Jet.com eliminates its annual membership fee
08.10.2015 285 views
One of the most highly publicized recent e-retail startups is overhauling its business model less than three months into its existence. One analyst says the change could mean that Jet, which has promised the lowest prices online, will not be able to undercut other e-retailers’ prices as much as anticipated.
Jet.com CEO and founder Marc Lore wrote in a blog post today that Jet is eliminating its $50 membership fee, opening the platform to all shoppers free of charge. The marketplace will continue offering free shipping on all orders over $35 and free returns.
“By enabling even more people to embrace this new way of shopping, we believe we can more fully realize our vision of a reshaped e-commerce landscape and deliver unprecedented value to consumers and retailers,” Lore writes.
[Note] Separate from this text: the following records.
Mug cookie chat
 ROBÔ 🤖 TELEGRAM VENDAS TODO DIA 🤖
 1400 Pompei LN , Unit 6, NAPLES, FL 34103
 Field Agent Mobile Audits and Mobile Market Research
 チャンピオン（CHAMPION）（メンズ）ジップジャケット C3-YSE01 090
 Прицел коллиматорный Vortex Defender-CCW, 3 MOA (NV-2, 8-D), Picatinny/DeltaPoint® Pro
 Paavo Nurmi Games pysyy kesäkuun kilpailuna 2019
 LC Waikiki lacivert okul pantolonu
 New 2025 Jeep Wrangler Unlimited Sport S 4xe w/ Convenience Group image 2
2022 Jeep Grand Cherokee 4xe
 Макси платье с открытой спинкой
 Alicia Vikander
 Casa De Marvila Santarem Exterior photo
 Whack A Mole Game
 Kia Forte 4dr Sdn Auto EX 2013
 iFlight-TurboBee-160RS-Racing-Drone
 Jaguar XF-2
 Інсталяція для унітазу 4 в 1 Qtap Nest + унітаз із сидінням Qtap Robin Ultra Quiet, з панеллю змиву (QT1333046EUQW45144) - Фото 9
This represents a big shift for Jet, which until now had said it would sell items essentially at cost and make money only off its $50 annual membership fee. A Jet.com spokeswoman says the business will make money instead from retailer commissions. According to Jet’s partner agreement, Jet charges a 15% base commission on most sales made through the platform, though that rate changes depending on the item’s category. For instance, retailers selling appliances through Jet pay a 15% commission on all items sold for under $300; 8% on all items over that threshold.
The spokeswoman says more consumers will be able to shop at Jet.com as a result of the change. “Now, without an upfront fee, we can appeal to a wider customer base and have a bigger membership community, opening the power of the platform up to more people,” she says.
The company can introduce a fee in the future and wasn’t charging anyone for a membership yet anyway, so its elimination isn’t a huge change, said Sucharita Mulpuru, analyst at Forrester Research Inc.
"They’re not in trouble yet," she said. "They can always introduce a fee later on and promise faster shipping."
While eliminating the membership fee could attract more shoppers, analysts caution it could come at the expense of one of Jet’s core promises—low price. Profitero reported in July that the average price of goods sold on Jet was 9% lower than Amazon and 6% lower than Walmart.com.
That may change, Wells Fargo analyst Matt Nemer wrote in a note today to investors. “Because Jet.com will now be using a portion of seller commissions as a profit stream, we expect less reinvestment in the form of lower prices and ultimately a smaller pricing spread between Jet and other retailers,” Nemer says.
ChannelAdvisor CEO David Spitz thinks merchants who sell on Jet could benefit in the long term because of the shift.
“Eliminating the entry barrier to the marketplace will only encourage consumers to explore the site,” Spitz says. “Jet can capture these first-time customers with a great user experience and with the Smart Cart that can help them save money.”